In the entries below, which lines run from the one with "4X Aluminum Alloy" through the one with "Chapter 10 - halaman 61"? Repeat exactly those, both included, and no pictures.

=== DATASET ENTRIES ===

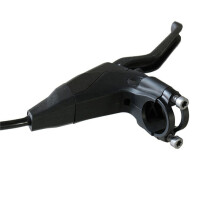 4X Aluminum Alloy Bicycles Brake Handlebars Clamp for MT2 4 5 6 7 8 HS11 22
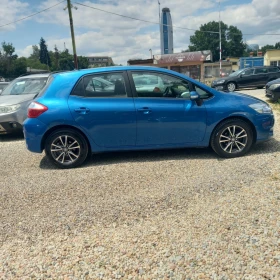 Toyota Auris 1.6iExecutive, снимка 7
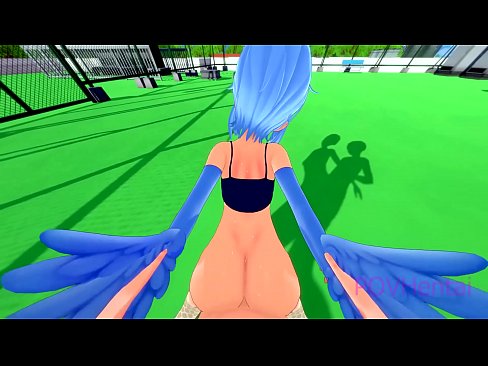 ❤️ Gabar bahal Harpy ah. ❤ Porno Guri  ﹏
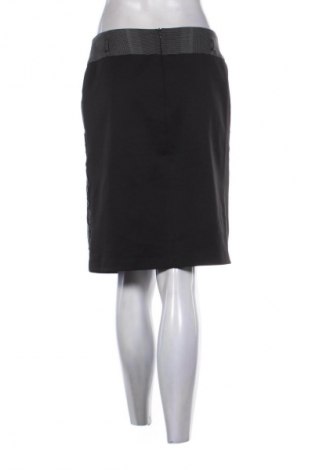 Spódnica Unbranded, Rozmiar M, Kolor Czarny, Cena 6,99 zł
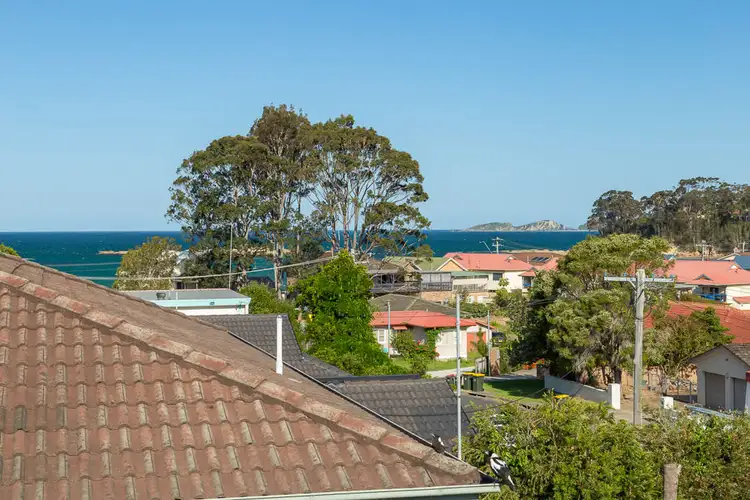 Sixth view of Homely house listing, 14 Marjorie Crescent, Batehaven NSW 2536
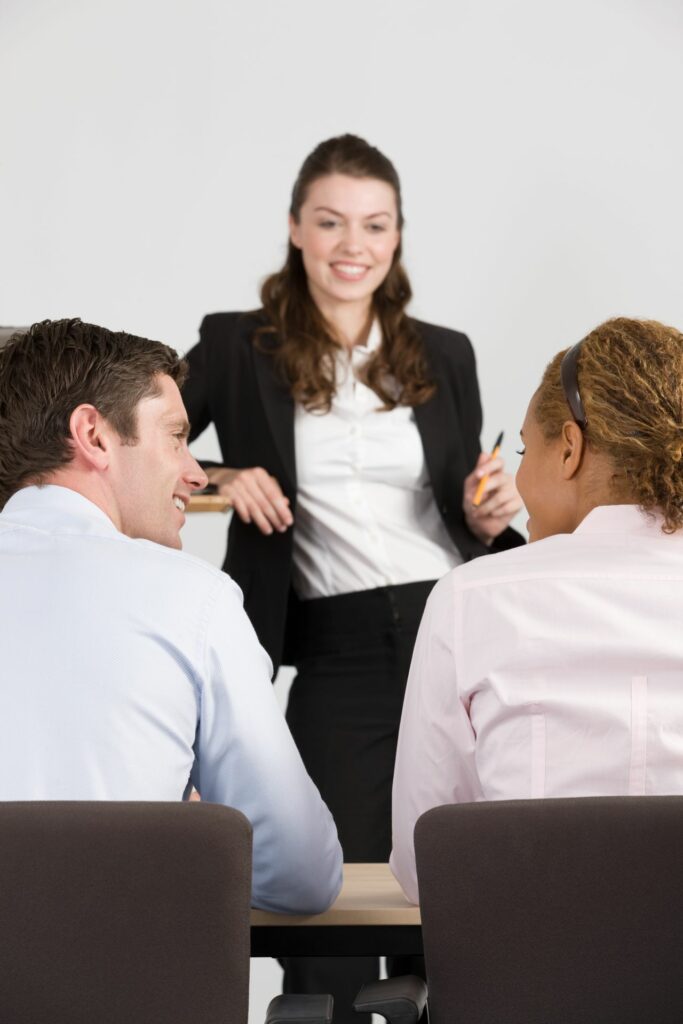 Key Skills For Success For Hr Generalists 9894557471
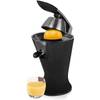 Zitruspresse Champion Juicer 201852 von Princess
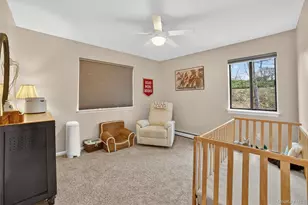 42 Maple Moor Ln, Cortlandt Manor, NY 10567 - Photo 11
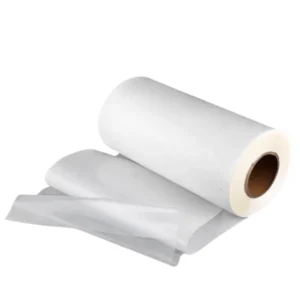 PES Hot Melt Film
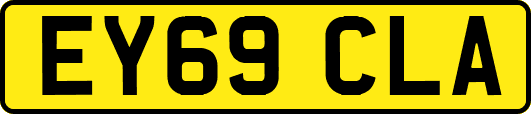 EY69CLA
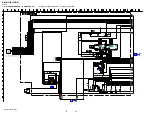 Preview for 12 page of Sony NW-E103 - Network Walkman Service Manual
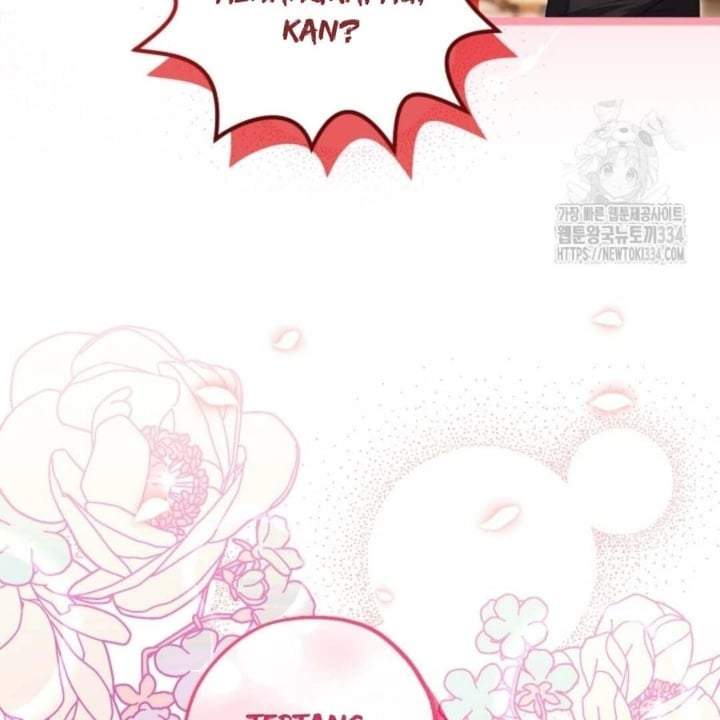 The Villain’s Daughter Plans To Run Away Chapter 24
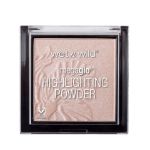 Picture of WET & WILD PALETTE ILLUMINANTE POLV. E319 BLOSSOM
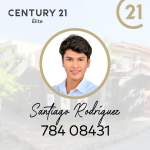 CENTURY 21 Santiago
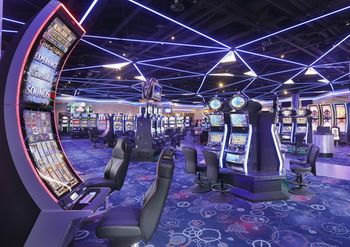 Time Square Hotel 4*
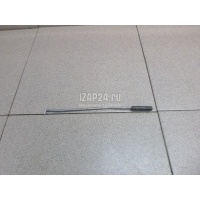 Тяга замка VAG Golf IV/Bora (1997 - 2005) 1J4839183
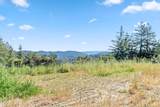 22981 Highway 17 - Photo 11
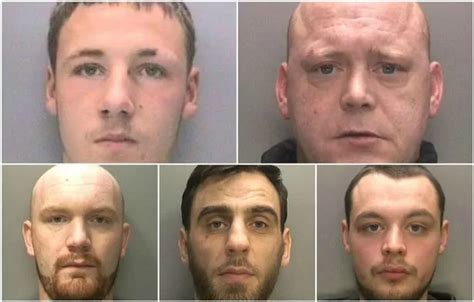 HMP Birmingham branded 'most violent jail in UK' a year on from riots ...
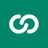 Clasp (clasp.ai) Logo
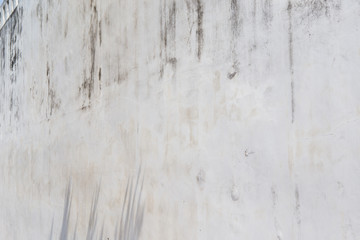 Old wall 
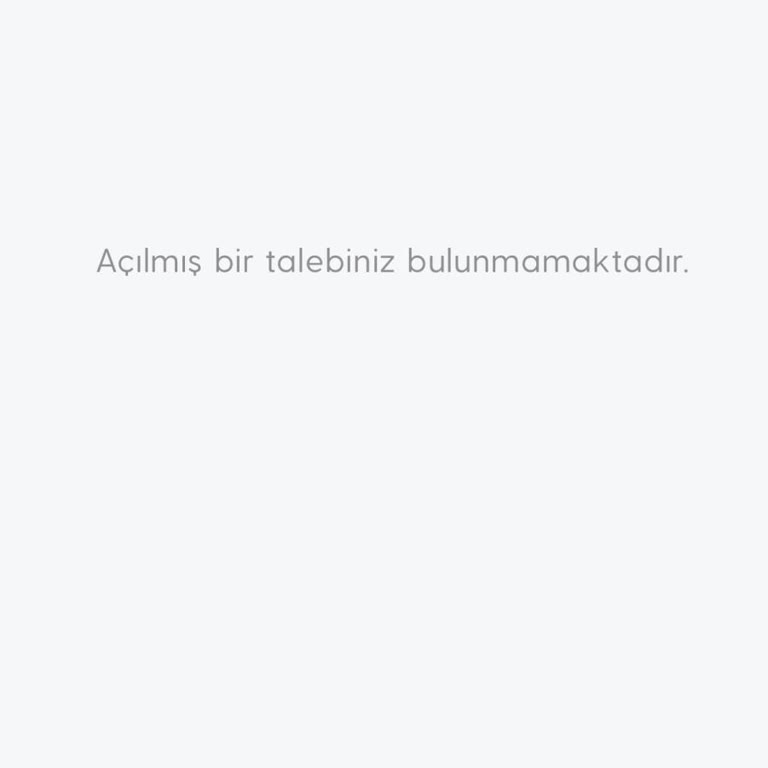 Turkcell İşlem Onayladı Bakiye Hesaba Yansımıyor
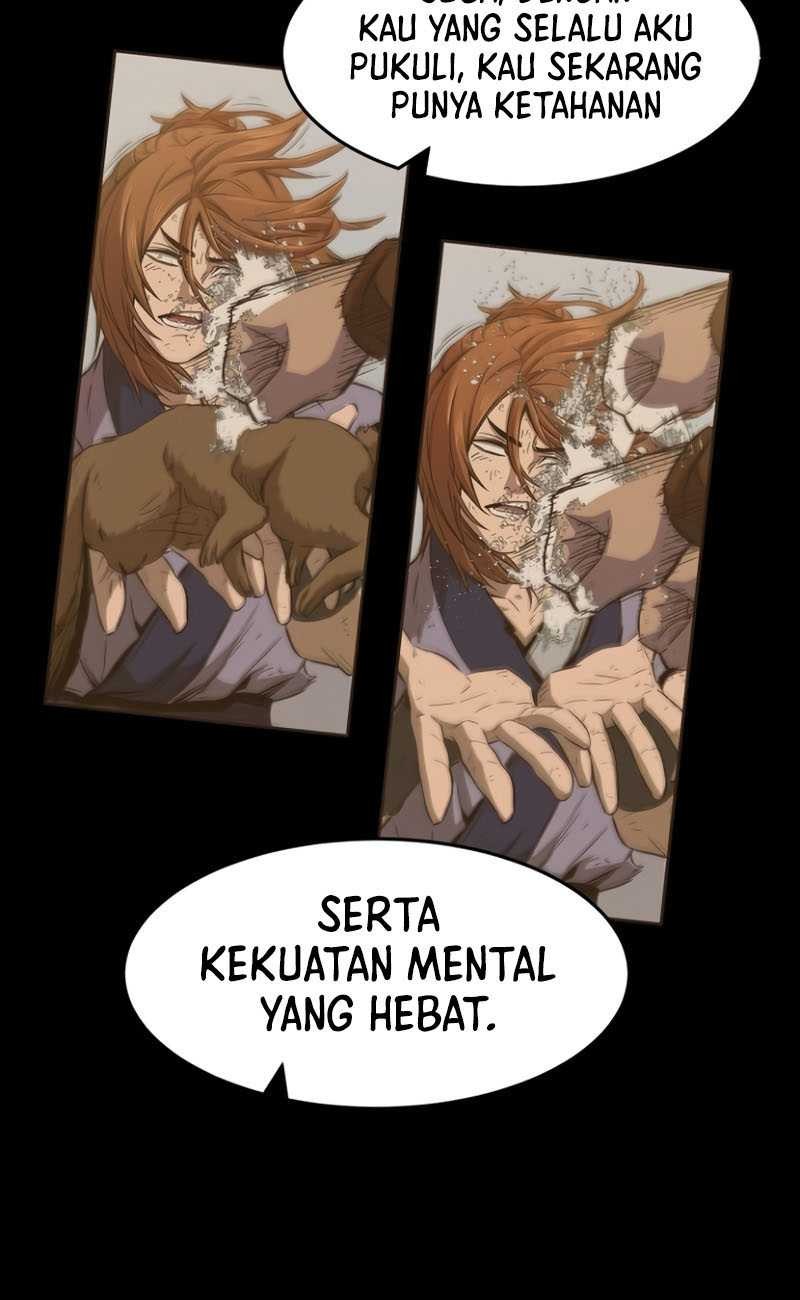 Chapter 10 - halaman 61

===
=== DATASET ENTRIES ===

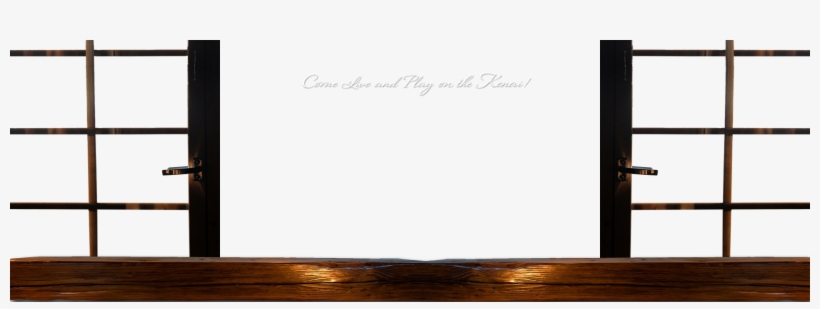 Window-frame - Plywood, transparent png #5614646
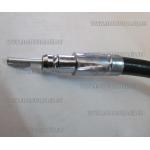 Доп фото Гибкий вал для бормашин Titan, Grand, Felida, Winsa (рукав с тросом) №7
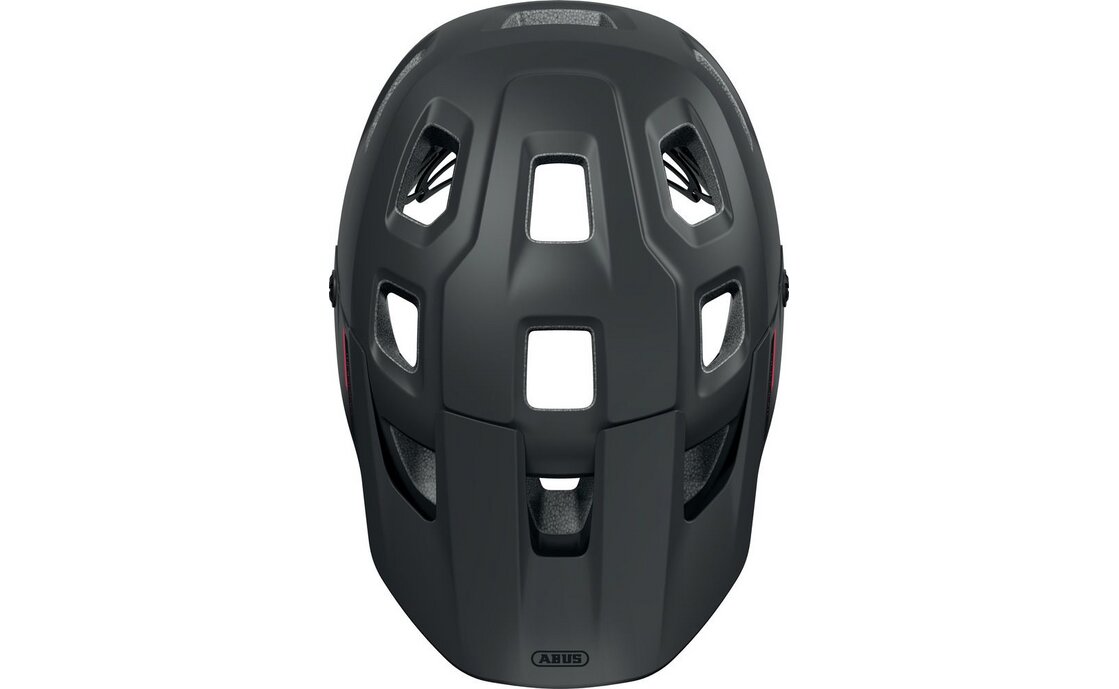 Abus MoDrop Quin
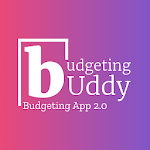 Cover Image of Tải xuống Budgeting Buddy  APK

===
=== DATASET ENTRIES ===

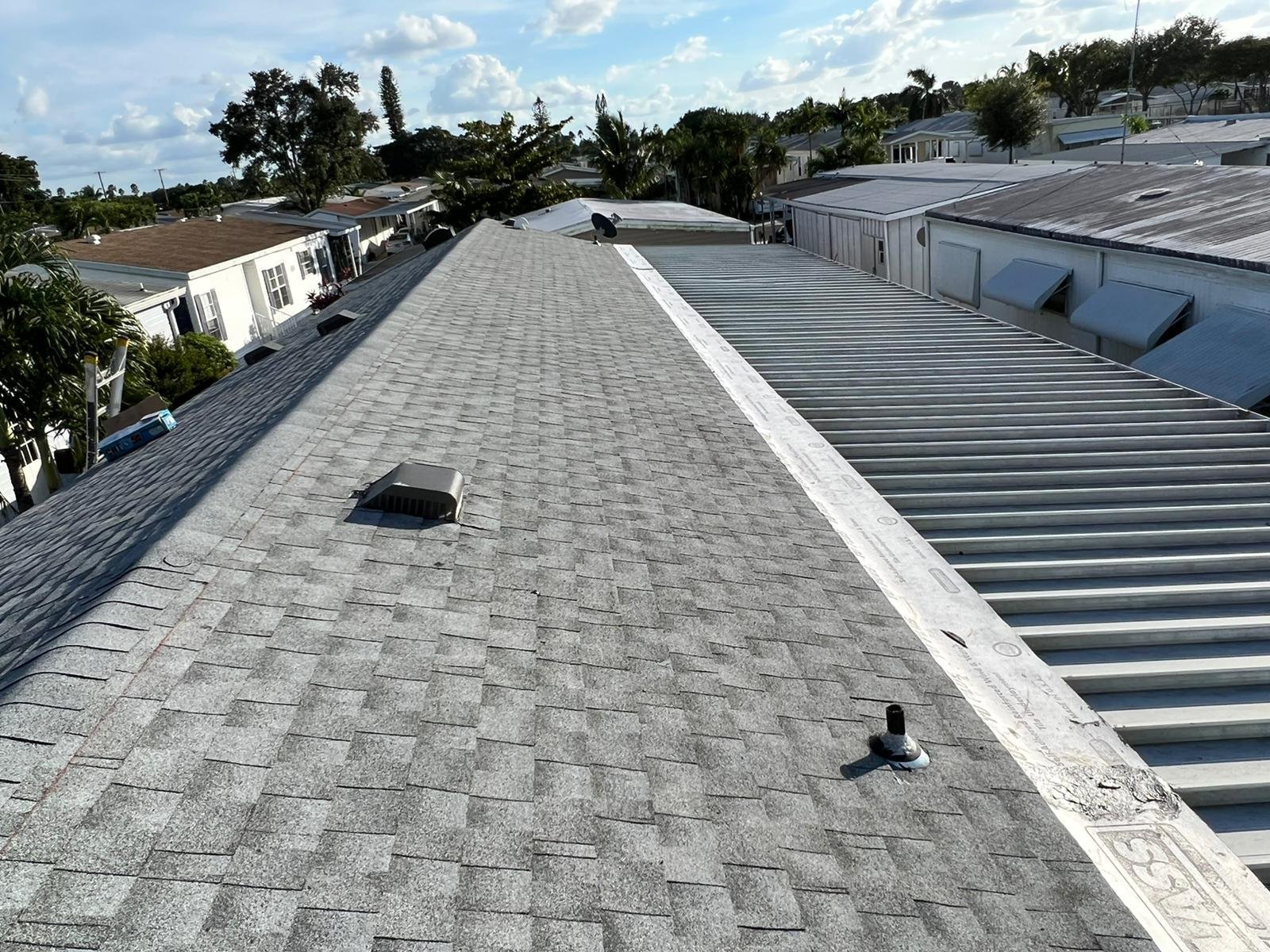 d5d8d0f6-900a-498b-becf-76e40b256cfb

===

> TASK RESULT
 4X Aluminum Alloy Bicycles Brake Handlebars Clamp for MT2 4 5 6 7 8 HS11 22
 Toyota Auris 1.6iExecutive, снимка 7
 ❤️ Gabar bahal Harpy ah. ❤ Porno Guri  ﹏
 Spódnica Unbranded, Rozmiar M, Kolor Czarny, Cena 6,99 zł
 Sixth view of Homely house listing, 14 Marjorie Crescent, Batehaven NSW 2536
 Key Skills For Success For Hr Generalists 9894557471
 Zitruspresse Champion Juicer 201852 von Princess
 42 Maple Moor Ln, Cortlandt Manor, NY 10567 - Photo 11
 PES Hot Melt Film
 EY69CLA
 Preview for 12 page of Sony NW-E103 - Network Walkman Service Manual
 The Villain’s Daughter Plans To Run Away Chapter 24
 Picture of WET & WILD PALETTE ILLUMINANTE POLV. E319 BLOSSOM
 CENTURY 21 Santiago
 Time Square Hotel 4*
 Тяга замка VAG Golf IV/Bora (1997 - 2005) 1J4839183
 22981 Highway 17 - Photo 11
 HMP Birmingham branded 'most violent jail in UK' a year on from riots ...
 Clasp (clasp.ai) Logo
 Old wall 
 Turkcell İşlem Onayladı Bakiye Hesaba Yansımıyor
 Chapter 10 - halaman 61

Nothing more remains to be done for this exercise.